Painting on silk with brush brought back childhood memories of the learning calligraphy and making ink painting on rice paper. "Art" was a tangible and complete picture for me as a child. As I gained more textbook knowledge of "art", art become more intangible and abstract.
Working with silk seems to bridge the gaps between that "abstract" and the "concrete" of art as I've understood as a child.


Silk dye is something I needed to understand well. I needed to understand physical and chemical property of the dye, what it does when it hits the surface of the silk.
When I draw a circle on surface of silk, mark will not stay a circle. Ink will bleed and find its way into microscopic gaps in fiber of the silk, and shape of circle will change.
Silk is pro-active medium in itself. It is not a neutral ground which passively receive painter's gestures. I accept this character. And for this reason, I do not say silk distorts my gesture. Silk transforms my gesture, as I am about to change silk's chemical character. Once mark is made, silk is steamed or fixed making the chemical transition where dye bonds itself permanently to the fiber.

Dye disappears and only color remains, becoming one with silk.
Fixation process is also a medium in itself, as during this process, the edges of blots of ink will soften and colors will shift slightly.
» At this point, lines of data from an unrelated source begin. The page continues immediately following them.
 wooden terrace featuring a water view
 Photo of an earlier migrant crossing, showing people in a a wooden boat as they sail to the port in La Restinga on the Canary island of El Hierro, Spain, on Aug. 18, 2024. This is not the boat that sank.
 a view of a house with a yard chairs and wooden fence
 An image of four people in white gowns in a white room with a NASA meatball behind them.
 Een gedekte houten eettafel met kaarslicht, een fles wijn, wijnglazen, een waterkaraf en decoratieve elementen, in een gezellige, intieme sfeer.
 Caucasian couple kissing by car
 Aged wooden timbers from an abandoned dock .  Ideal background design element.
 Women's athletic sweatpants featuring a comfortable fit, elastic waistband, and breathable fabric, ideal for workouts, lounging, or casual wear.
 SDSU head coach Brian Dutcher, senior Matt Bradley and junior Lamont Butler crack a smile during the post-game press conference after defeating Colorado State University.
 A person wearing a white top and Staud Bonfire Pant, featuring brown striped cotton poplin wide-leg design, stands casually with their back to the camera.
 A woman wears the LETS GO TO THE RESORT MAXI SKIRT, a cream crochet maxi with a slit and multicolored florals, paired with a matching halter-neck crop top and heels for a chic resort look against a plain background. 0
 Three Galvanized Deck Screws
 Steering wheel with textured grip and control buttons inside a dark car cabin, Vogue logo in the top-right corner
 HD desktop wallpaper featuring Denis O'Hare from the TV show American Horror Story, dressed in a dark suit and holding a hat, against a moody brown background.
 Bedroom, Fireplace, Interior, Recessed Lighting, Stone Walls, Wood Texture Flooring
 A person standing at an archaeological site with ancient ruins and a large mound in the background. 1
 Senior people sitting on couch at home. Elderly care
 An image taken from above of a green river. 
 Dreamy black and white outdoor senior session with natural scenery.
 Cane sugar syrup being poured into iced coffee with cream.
Application of dye onto the silk takes only a moment. The images or gestures only takes a few minutes to create. The completion of the work as a whole can take days. Fixation process in which colors become one with silk making the painted silk a sculptural work of art. Fixation process gives substance to a color. A color is no longer in form of liquid or powder dye, but it transforms itself to a piece of silk.

The materiality of the surface is crucial. I am not merely building on top of blank ground. I work to transform the chemical nature of the ground. On a completed work, the visual exactitude of my brush strokes is only incidental. And the materiality of the surface transforms my gesture. For this reason I am drawn to working on silk.

Once I made a mark on silk, there is no going back. I've changed its nature irreversably. That visible mark will stay on in some shape or form. At this point there still are many step ahead to complete the process. In order for a mark to unite with the surface, entire surface need to be fixed, or steamed. The completed work will (visually) inform viewer if the every process suited the materiality of the surface. If any process has been altered, finished product will reflect that alteration.

When painting on silk, one cannot second guess oneself. Just like a fragment cannot be a sentence, brush stroke has to be complete in order to be a "brush stroke".

As an artist, I am interested in process as a whole, from start to finish and the consequences of the object I've created My meditation is not on becoming a expressive catalysis for a single brush stroke I am about to make. I do not subscribe to an idea of "channeling the abstract forces which enable an artist to distill "creative" energy into every single mark".
I merely (pre)meditate to learn to live with the unforseen consequences of single moment in my action. For better or for worse, that propels me forward.